Diane English too insists her goal is to entertain, not sway voters. But she concedes she made the character of Murphy Brown "a liberal Democrat because in fact that's what I am." She sees TV's political role in somewhat grandiose, Madisonian terms. "The people in power, whether Democrats or Republicans, all have access to the airwaves. The opposing point of view is often not heard, and in this case, with 12 years of Republicans who are followed around by the press, with every word and every speech documented, perhaps Hollywood's liberal bent is kind of a natural balance to that."
The closest thing TV has to an advocacy producer is Linda Bloodworth- Thomason , creator of three current network shows: Designing Women, Evening Shade and the upcoming Hearts Afire. She and her husband Harry Thomason are Clinton friends and supporters (and part-time residents of Little Rock) who produced the biographical film that introduced the candidate at the Democratic Convention. "So-called serious newspeople miss the powerful potential of the entertainment forum as a means of influencing people's lives in a positive way," she says. "I have my own column on TV, and I take it as seriously as does Mike Royko or David Broder." Yet Bloodworth-Thomason denies that the TV community is a liberal monolith. "Entertainment corporations are owned by old, white, conservative, rich men," she says. "The artists they employ are more liberal. The slant of what the artists are allowed to put out will be determined by the profit factor. The bottom line is money."
Indeed, the structure of network television serves to keep entertainment from wandering too far from the safe political center. Advertisers, for example, shy away from any program that takes a controversial political stand or gets too explicit about sensitive subjects like homosexuality. No leading character in a prime-time TV series since Maude has had an abortion, mainly because of advertiser skittishness. "There's no issue today more contentious," says Joel Segal, executive vice president at McCann-Erickson/ New York. "Nobody is interested in alienating large blocs of viewers."
^ Network executives, not surprisingly, have the same concerns.

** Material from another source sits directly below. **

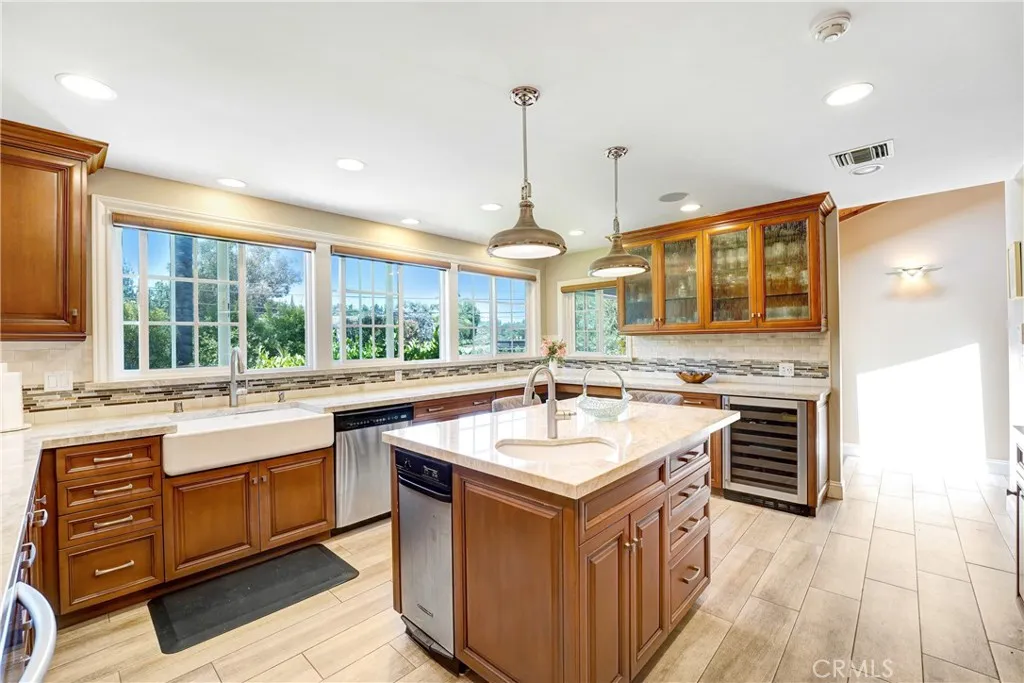 5062 Avenida Hacienda, Tarzana, CA 91356 - Photo 5 of 47, Tarzana, CA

Censors monitor shows closely for any material that might be objectionable to a large (or at least vocal) segment of the audience. "It's the responsibility of good television to be topical, but it should not espouse any political candidacy," says CBS Entertainment president Jeff Sagansky. Still, success in the ratings (Murphy Brown commands the highest ad rates of any series on TV) can go a long way toward calming network nerves. "The viewers vote for Murphy Brown every week," says Sagansky, "and only vote for Dan Quayle every four years."
So does network TV reflect a liberal sensibility? Yes, a certain political correctness does prevail around the dial. The concerns of feminists, environmental activists and oppressed minorities are given sympathetic treatment; big corporations are usually portrayed as villains; government bureaucrats are typically inept or uncaring. But this is probably due less to political calculation than to dramatic necessity. Artists tend to gravitate toward humanistic concerns rather than institutional ones; pitting an underdog against the system always makes for a better story. This is not necessarily proof of liberal bias any more than the proliferation of TV shoot-'em-ups means that Hollywood producers support the N.R.A.
The irony is that one area where TV espouses unmistakably conservative values is the very one that Quayle chose to focus on: the family. Though single-parent households are common on TV (as they are in real life), the family bond is nearly always portrayed as strong and indispensable. If TV has any prevailing sin, it is its sunny romanticizing of that bond: no matter what the conflicts or crises, family love makes everything come out all right. If Dan Quayle were to look at TV a little more closely, he might find the stuff of Republican dreams.